Gardons la tête froide
Alors que la justice polonaise se trouve face à une montagne de problèmes, Rzeczpospolita appelle à la circonspection :
«La sentence prononcée jeudi par le Tribunal Suprême ne met pas fin à l'affaire - même si elle apporte des caisses de munitions aux juges qui dénoncent les modifications voulues par l'équipe au pouvoir. Les décisions prises par les organes du système juridique dont l'autorité vient d'être vigoureusement remise en question ne perdent rien de leur validité. ... Il s'agit de questions juridiques qui devraient être traitées par voie judiciaire si l'on veut agir dans le cadre d'un Etat démocratique. Il faut donc tenter de défaire le nœud gordien sans le trancher.»

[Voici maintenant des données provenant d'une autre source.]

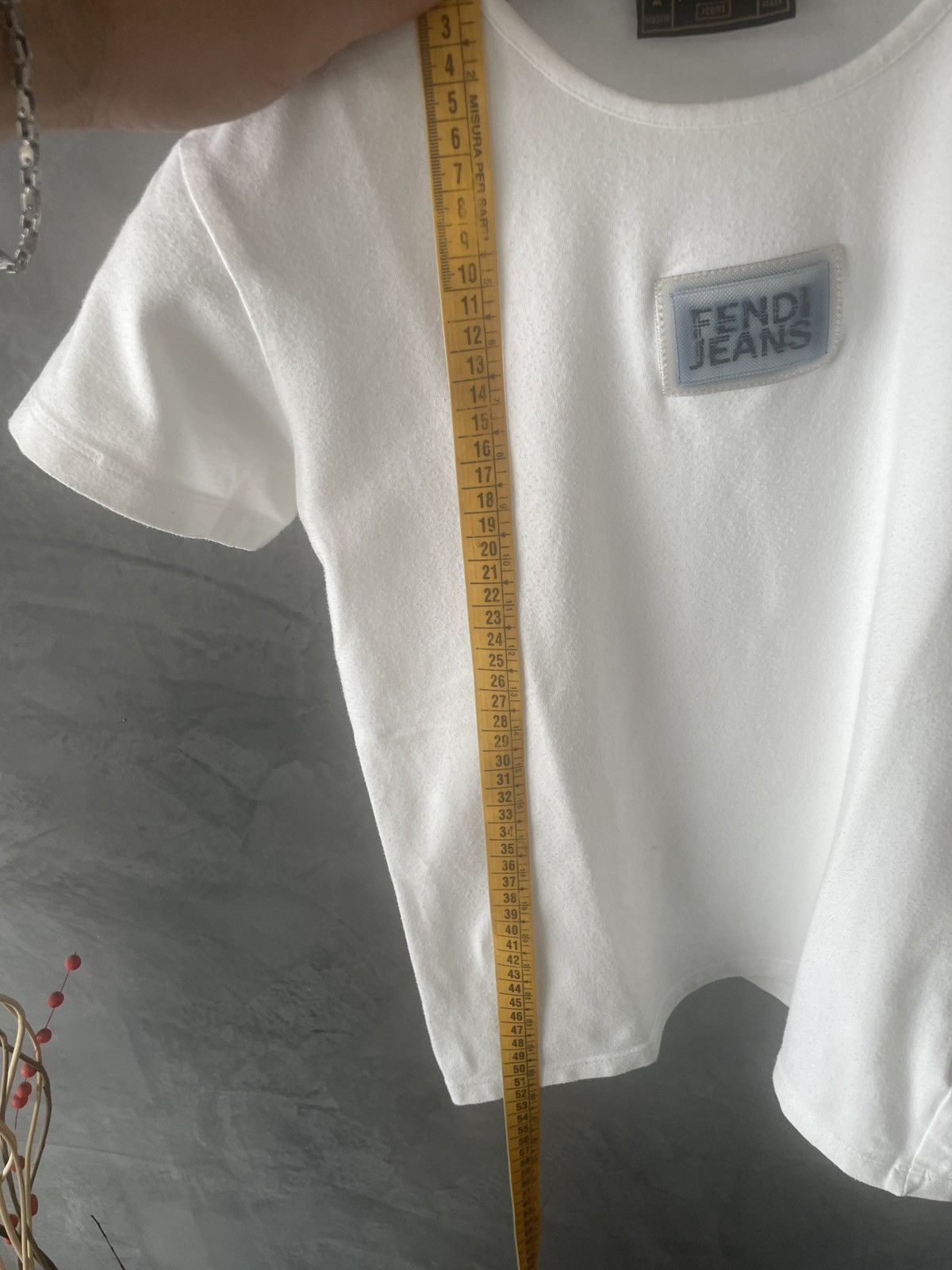 Fendi Rare 90s Fendi Jeans Logo Patch Tee – Vintage Archive Piece Size S / US 4 / IT 40 - 7 Thumbnail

Le chaos sera au rendez-vous
Cette sentence déclenchera une lame de fond juridique et politique, prédit Florian Hassel, correspondant de Süddeutsche Zeitung à Varsovie :
«Ce sera un séisme juridique car tous les verdicts prononcés par plus de 550 juges, en partie inaptes mais bombardés à ce poste par le PiS, peuvent être considérés comme juridiquement nuls. Pendant des années, le chaos juridique que les opposants à la réforme du système de justice ne se lassaient pas de prédire va régner. Ce sera aussi un séisme politique car le gouvernement et le chef de file du PiS, Jarosław Kaczyński, ne sont pas prêts à céder. ... L'évolution des choses après le verdict des juges polonais mettra aussi à rude épreuve la Commission européenne, qui s'est récemment signalée par une politique de détente objectivement inappropriée envers Varsovie et les autres pays de l'UE responsables d'infractions du droit.»